A word-for-word copy of the lines below, starting at the line with "The towers of" and ending at the last one, is what you should give. Omit every picture.

— THE DATA —

· · · ·

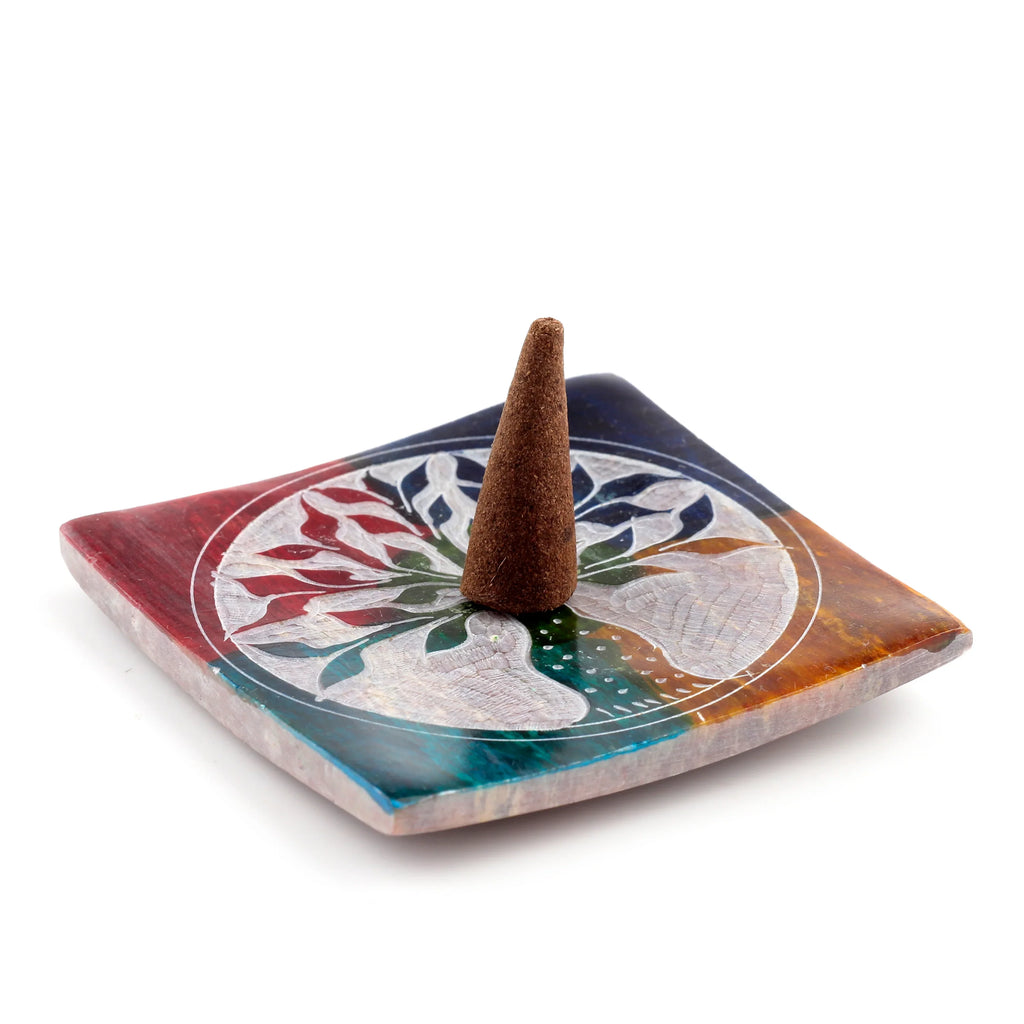 Angled view of a colourful soapstone incense burner dish with a carved Tree of Life design and a brown incense cone.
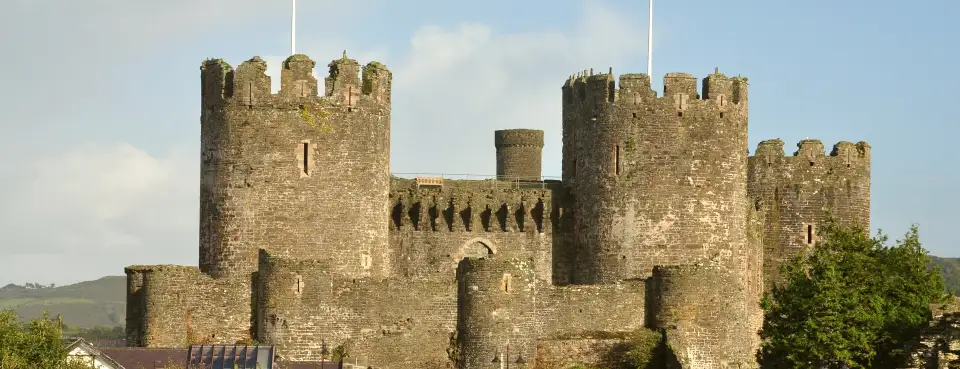 The towers of Conwy Castle with Welsh flags flying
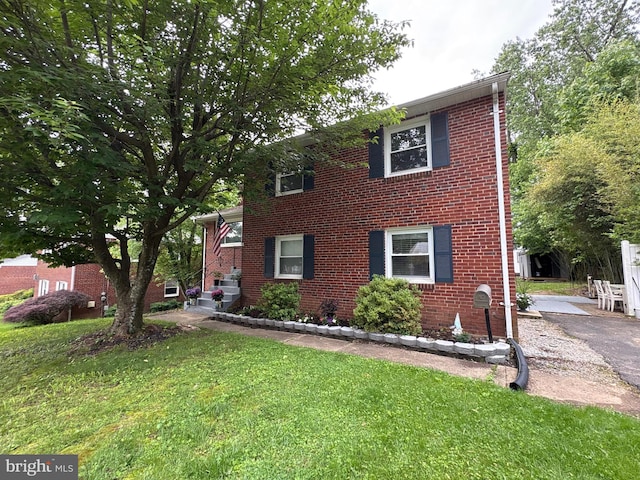 10317 Beaumont St, Fairfax, VA 22030 - view of front of property featuring a front yard and brick siding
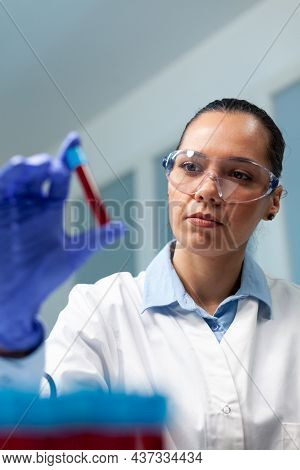 Scientist Doctor Holding Blood Vacutainer Analyzing During Biochemistry Experiment In Microbiology H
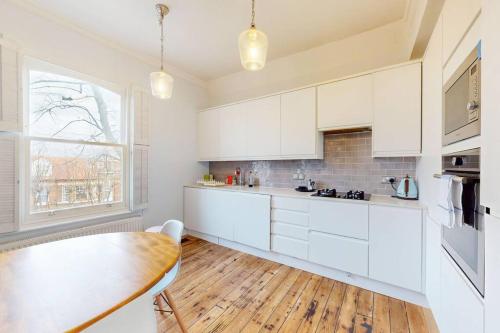 a kitchen with white cabinets and a wooden table at Modern 1BD flat in Clapham Old Town in London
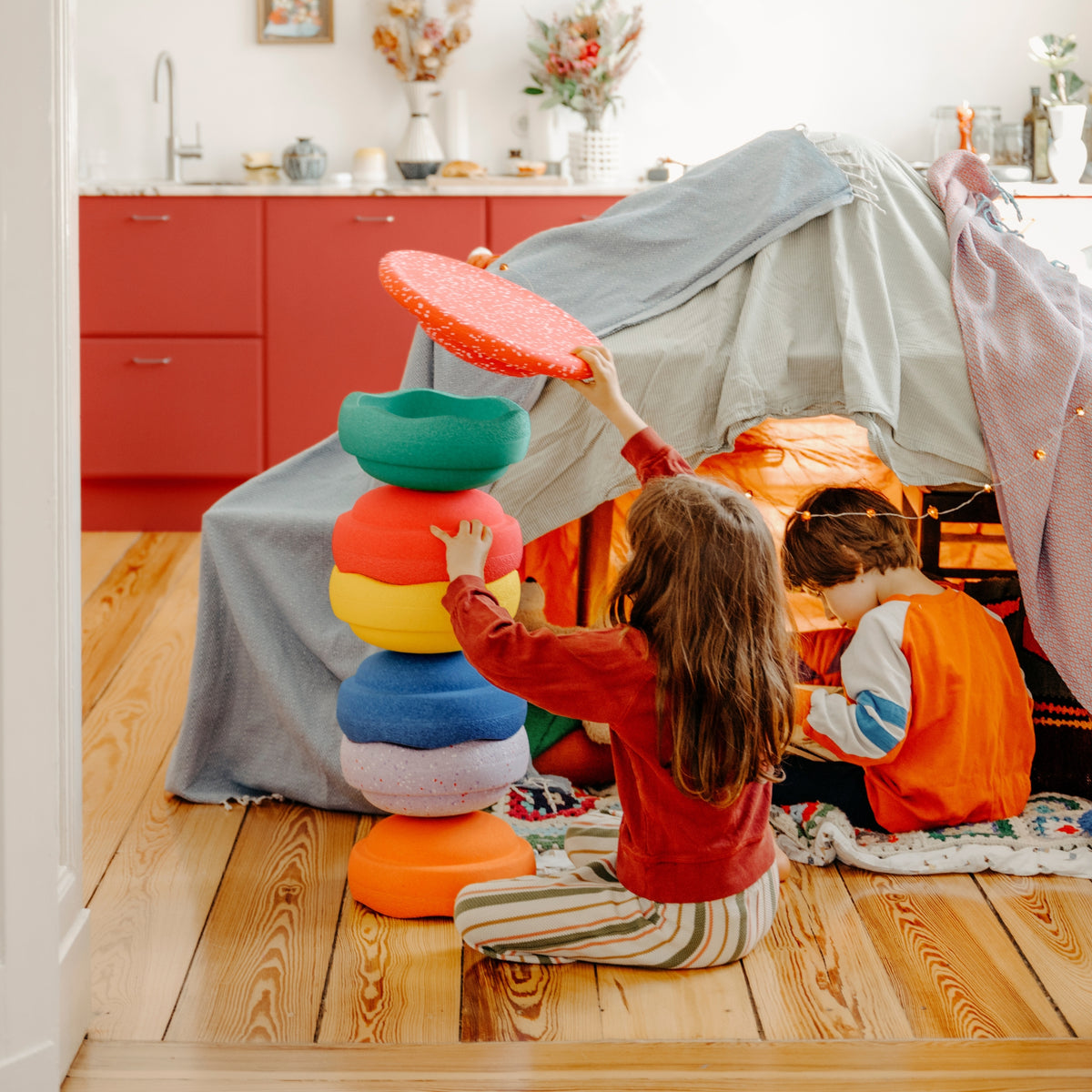 Two children playing in a cosy indoor play scene with Stapelstein Stepping Stones 6+1 Set Winter Special.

· · · ·

— RESPONSE TO THIS EXERCISE —
 The towers of Conwy Castle with Welsh flags flying
 10317 Beaumont St, Fairfax, VA 22030 - view of front of property featuring a front yard and brick siding
 Scientist Doctor Holding Blood Vacutainer Analyzing During Biochemistry Experiment In Microbiology H
 a kitchen with white cabinets and a wooden table at Modern 1BD flat in Clapham Old Town in London
 Two children playing in a cosy indoor play scene with Stapelstein Stepping Stones 6+1 Set Winter Special.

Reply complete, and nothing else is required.